### Source material

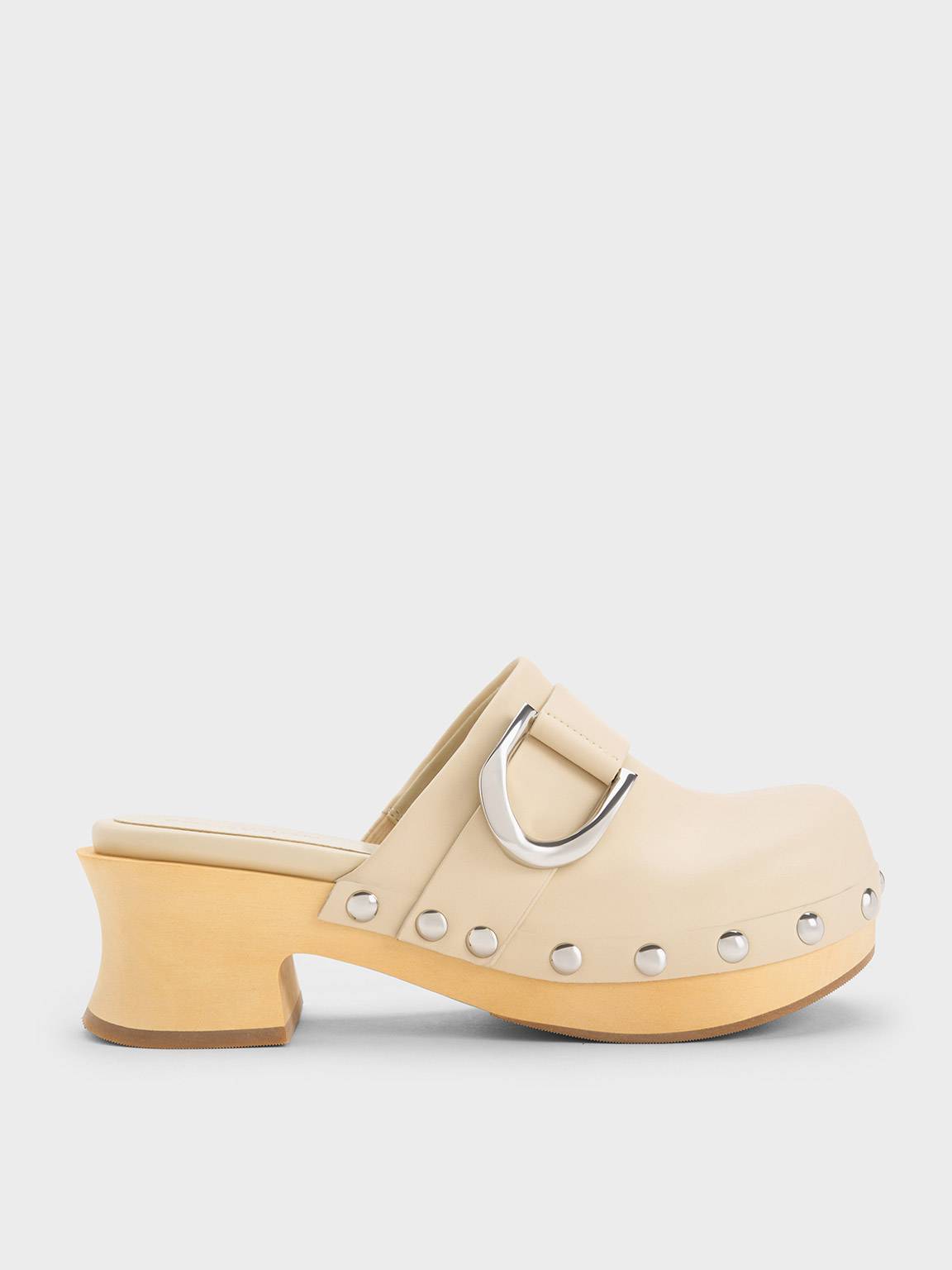 Charles & Keith Gabine Studded Clogs In Chalk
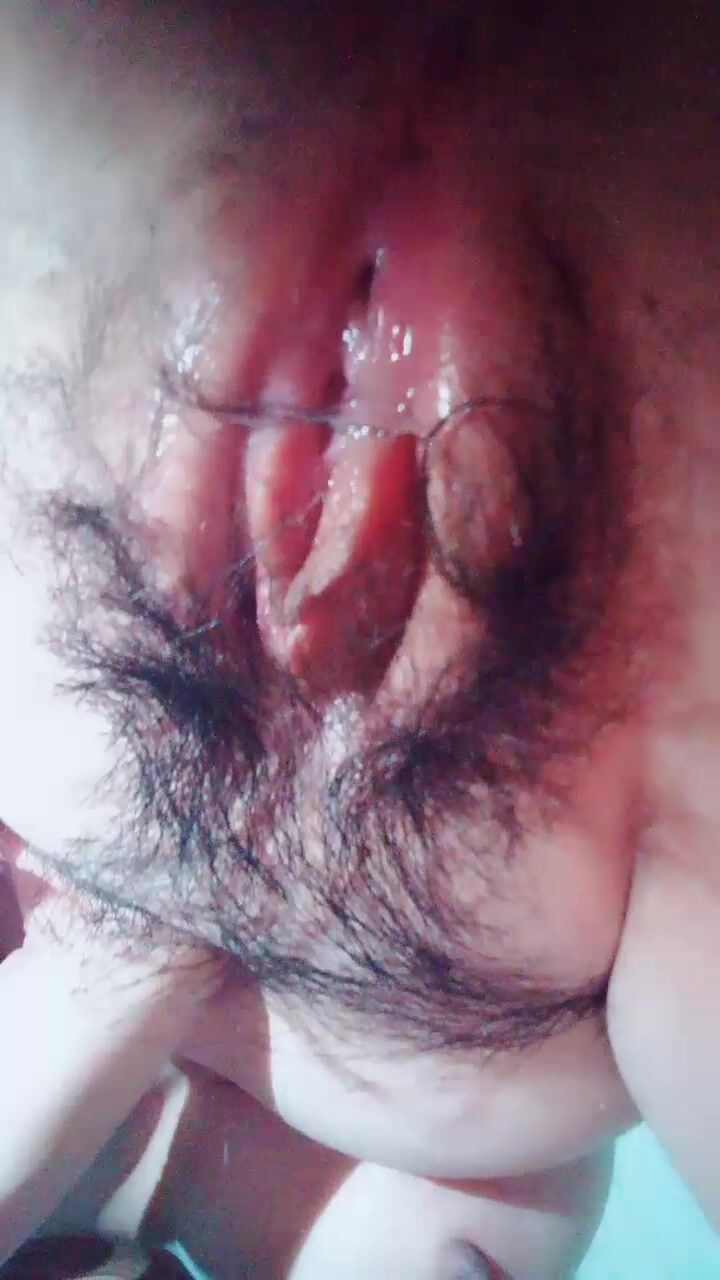 处女级新人，露脸诱惑这小嫩逼我是真喜欢，初来乍到自慰展示，看着逼逼里流出的白浆好刺激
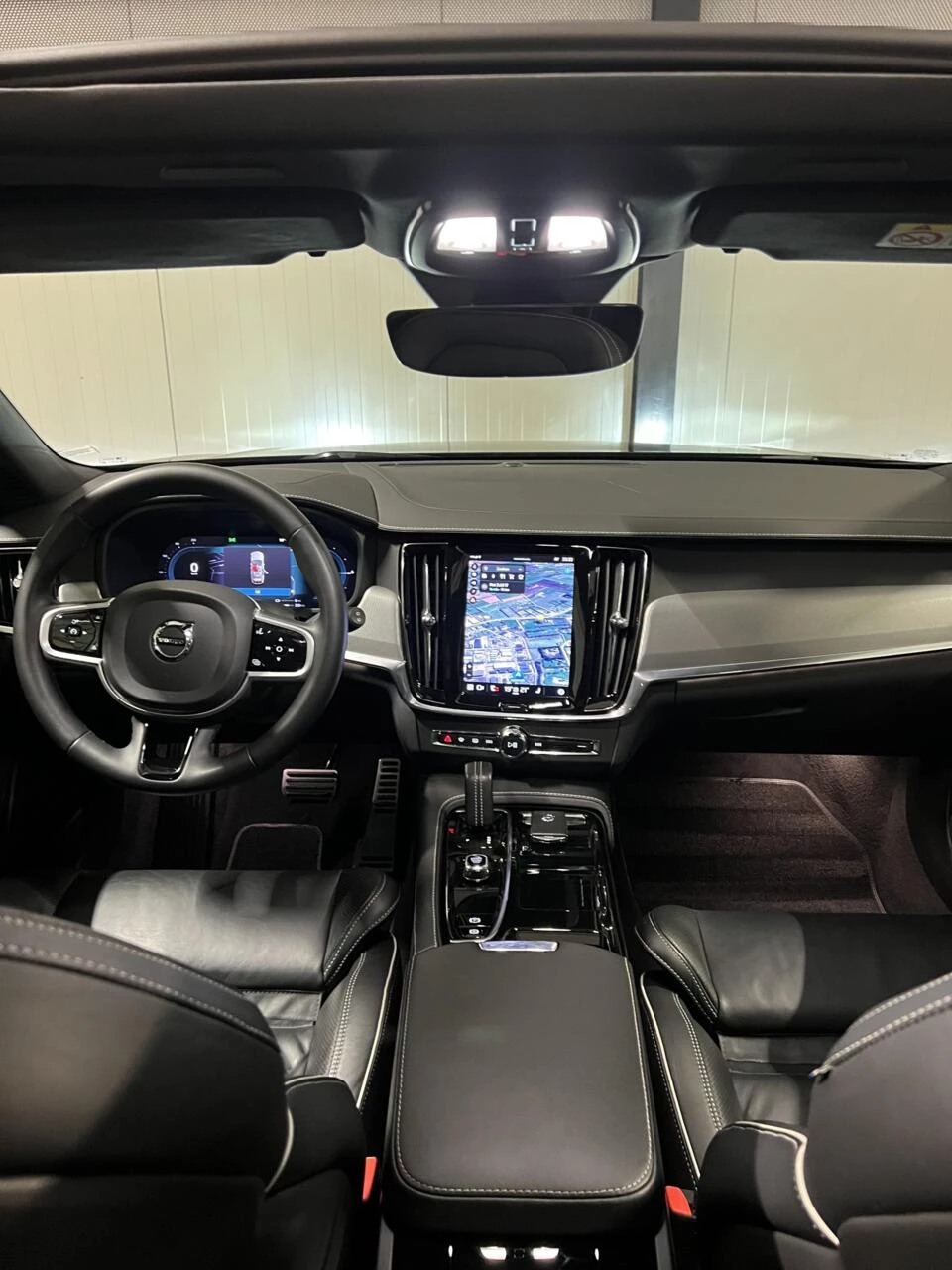 Hoofdafbeelding Volvo V90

######

▶ **Task brief**
Transcribe the listing exactly, skipping pictures.

▶ **Reply to the exercise**
 Charles & Keith Gabine Studded Clogs In Chalk
 处女级新人，露脸诱惑这小嫩逼我是真喜欢，初来乍到自慰展示，看着逼逼里流出的白浆好刺激
 Hoofdafbeelding Volvo V90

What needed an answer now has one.